[[ DATA EXCERPT, beginning ]]
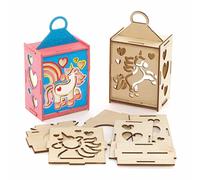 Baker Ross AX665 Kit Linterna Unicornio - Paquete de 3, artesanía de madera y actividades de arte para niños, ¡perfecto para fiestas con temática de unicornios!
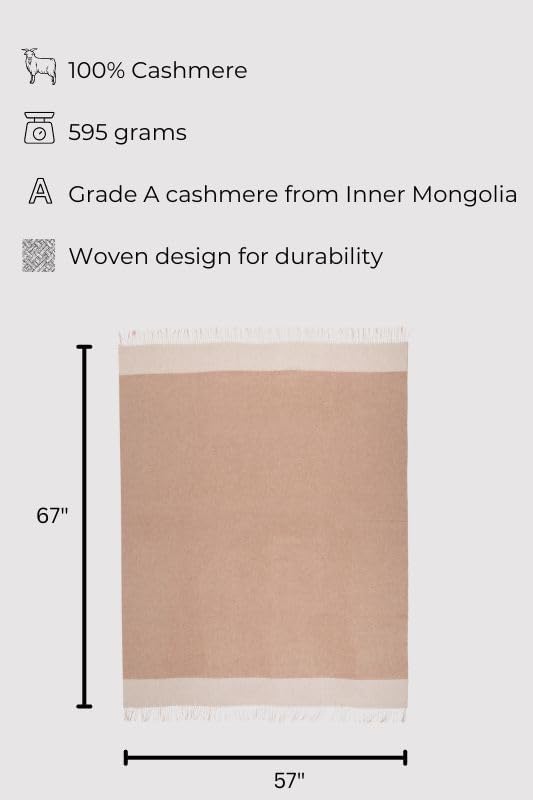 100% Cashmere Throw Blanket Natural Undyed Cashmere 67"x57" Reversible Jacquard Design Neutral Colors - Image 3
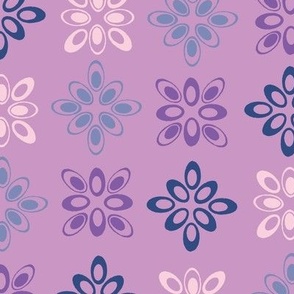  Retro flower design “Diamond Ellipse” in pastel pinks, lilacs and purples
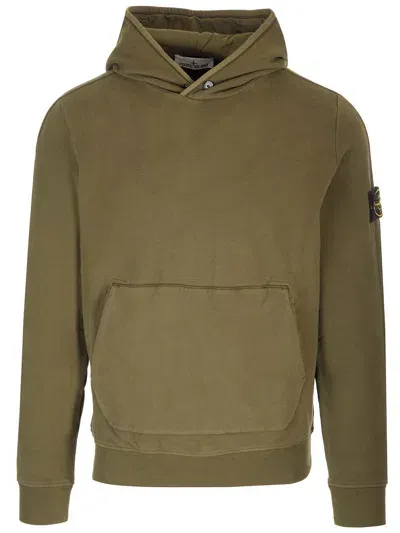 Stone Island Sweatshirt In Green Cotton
[[ DATA EXCERPT, end ]]
EXERCISE DETAILS
Give back the whole listing exactly as it stands. Drop every picture.

OUTPUT FOR THIS TASK
 Baker Ross AX665 Kit Linterna Unicornio - Paquete de 3, artesanía de madera y actividades de arte para niños, ¡perfecto para fiestas con temática de unicornios!
 100% Cashmere Throw Blanket Natural Undyed Cashmere 67"x57" Reversible Jacquard Design Neutral Colors - Image 3
  Retro flower design “Diamond Ellipse” in pastel pinks, lilacs and purples
 Stone Island Sweatshirt In Green Cotton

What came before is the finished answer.